-- REQUIRED WORK --
Transcribe all the data below exactly, leaving its pictures out.

-- EXERCISE DATA --
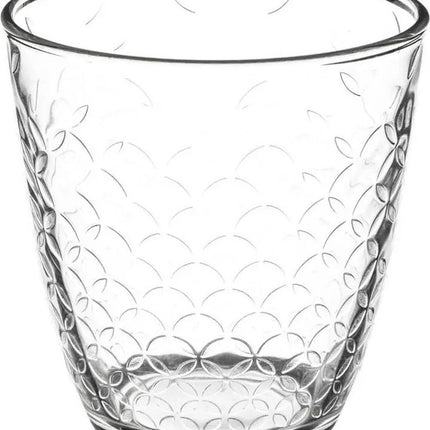 Set van 6x stuks water/sap glazen Rome 250 ml van glas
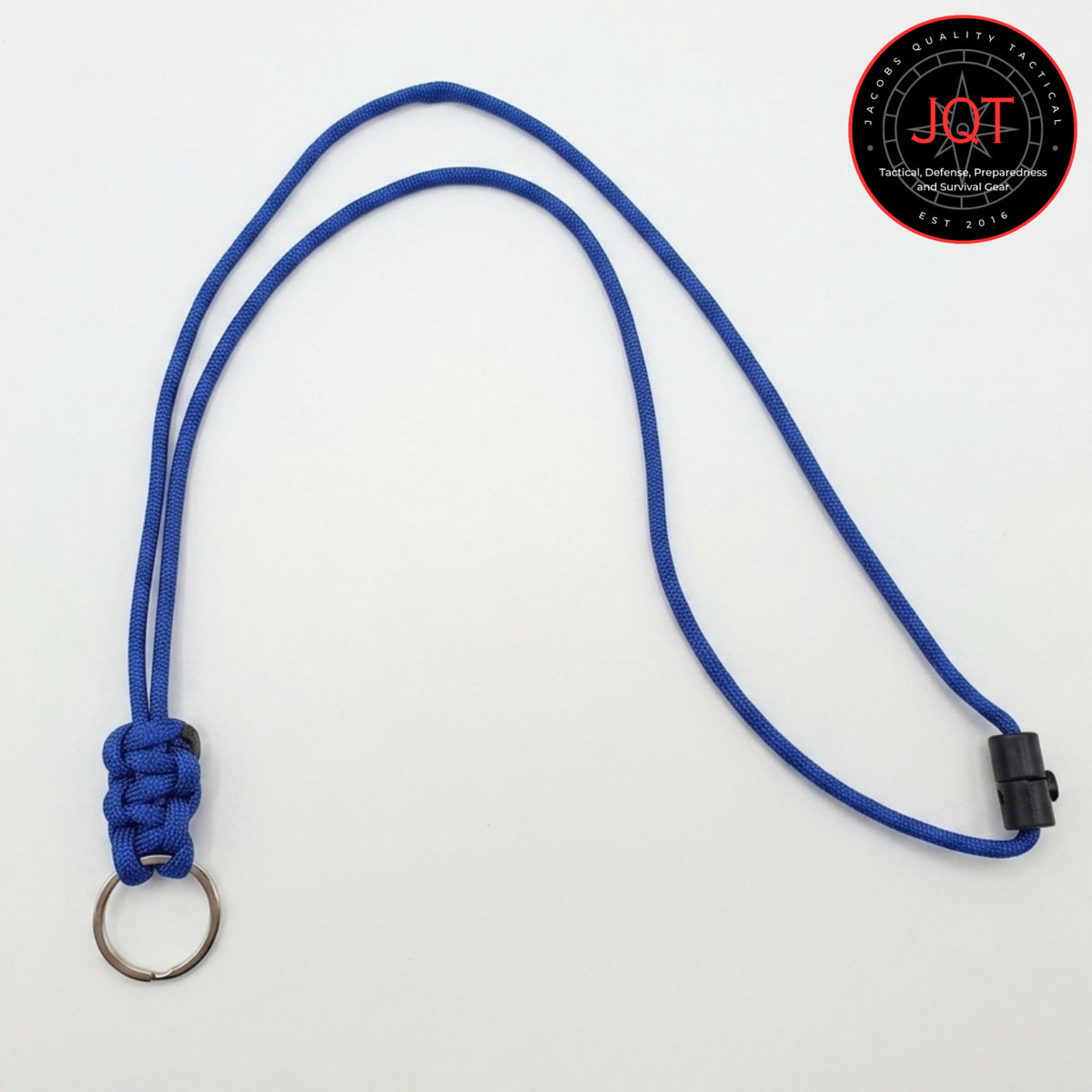 Paracord Neck Lanyard with Safety Breakaway for Keys, Badges, Tools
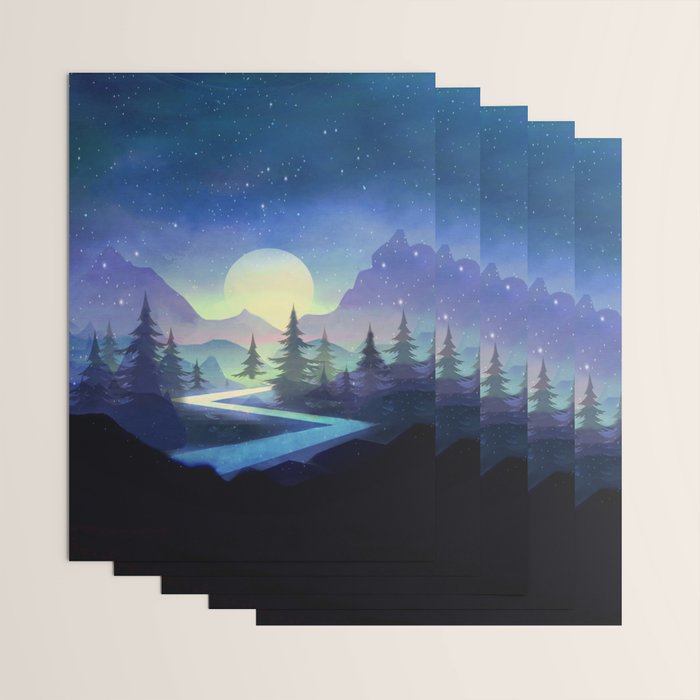 Touching the Stars Wrapping Paper Gallery Image 3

-- TASK ANSWER --
 Set van 6x stuks water/sap glazen Rome 250 ml van glas
 Paracord Neck Lanyard with Safety Breakaway for Keys, Badges, Tools
 Touching the Stars Wrapping Paper Gallery Image 3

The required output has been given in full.